Our objective is to review the current available scientific information on aboveground carbon stock trajectories through time after logging and fire degradation in tropical forests. We focus on the dynamics of biomass loss and recovery after a specific type of degradation occurs. That way, we hope to inform REDD+ policy discussions and country-level decisions on whether to invest on monitoring and prevention of forest degradation.


The IPCC (2003) recommends two different approaches to calculating emissions: the stock-difference method and the gain-loss method. The former builds on traditional forest inventories to estimate sequestration or emissions, while the latter builds on an understanding of forest dynamics, incorporating carbon accumulation through forest recovery and regeneration. The stock-difference method measures the actual stock of biomass at the beginning and end of the accounting period. The gain-loss method estimates biomass as the net balance of additions to and removals from a carbon pool, i.e. the balance between growth and loss from harvesting, decomposition, or burning [27]. The latter is much more difficult to quantify given that it is dependent on estimating tree increment and ingrowth of new stems. Here, we report on studies that mostly provide stock-difference estimates.
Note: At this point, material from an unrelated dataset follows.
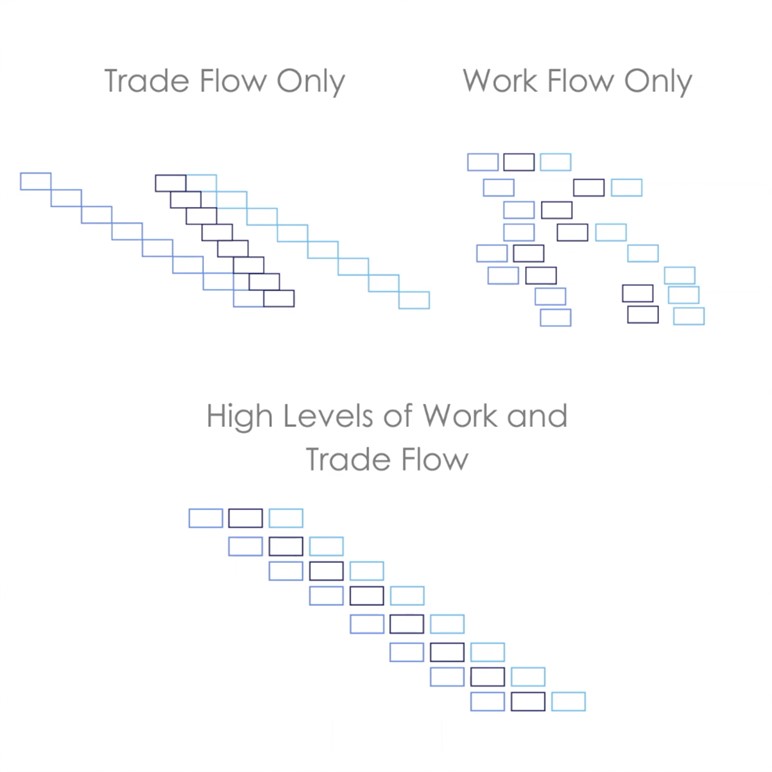 Types of Flow Comparison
Literature survey and calculation descriptions

For our meta-analyses, we identified case studies and reviews on depletion of carbon stocks in tropical rainforests due to logging activities and fire disturbance. For a consistent analysis on aboveground carbon stock trajectories, all standing carbon or emission data used in our review necessarily contains an estimation of time since disturbance, and comparison with pre-disturbance or control forest. Using the search terms “redd”, “degradation”, “fire”, and “logging” in search engines Web of Science and Google Scholar, and following cited references within the studies, we compiled data from 54 published papers that matched our requirements. We limited our search to surveys on closed canopy forest, but did not distinguish among subtypes of forest (e.g. montane, peatland, transitional). We used data from both remote sensing or in situ field-based measurements on aboveground biomass. Many studies could not be included in our analyses for not having a clear ‘time since disturbance’ estimate [28, 29], a well-defined type of degradation [3032], or baseline values [8, 33]. Additionally, remote-sensing studies covering areas in a regional or continental scale were not included [34]. Out of the 54 studies used in our review, 24 were field-based and mostly concentrated on South America and Southeast Asia (Fig. 1). As several studies report carbon and biomass in different ways, we standardized the carbon emission data by converting it to MgC/ha when necessary. For most studies, carbon emission was calculated as the difference between the standing biomass or carbon (assumed to be half of total biomass) in the degraded area and in an intact control forest. We also calculated the percentage of emitted carbon relative to intact standing carbon in aboveground biomass. If reported, we calculated minimum, maximum and average carbon emissions in MgC/ha. Whenever available, we recorded time between the degradation and carbon/biomass assessment, forest type, and total area encompassed by the study. For studies using stem diameter as a proxy for standing biomass, we used only the data of stems DBH > 10 cm whenever reported separately. Trajectories of percent aboveground carbon along years since degradation were plotted using default loess smoothing, with visual selection of span value, in package ggplot2 for R [35].
Fig. 1

Field-based studies on carbon emission or reduction from logging (blue dots) and fire degradation (red dots) in closed canopy tropical forest (dark green)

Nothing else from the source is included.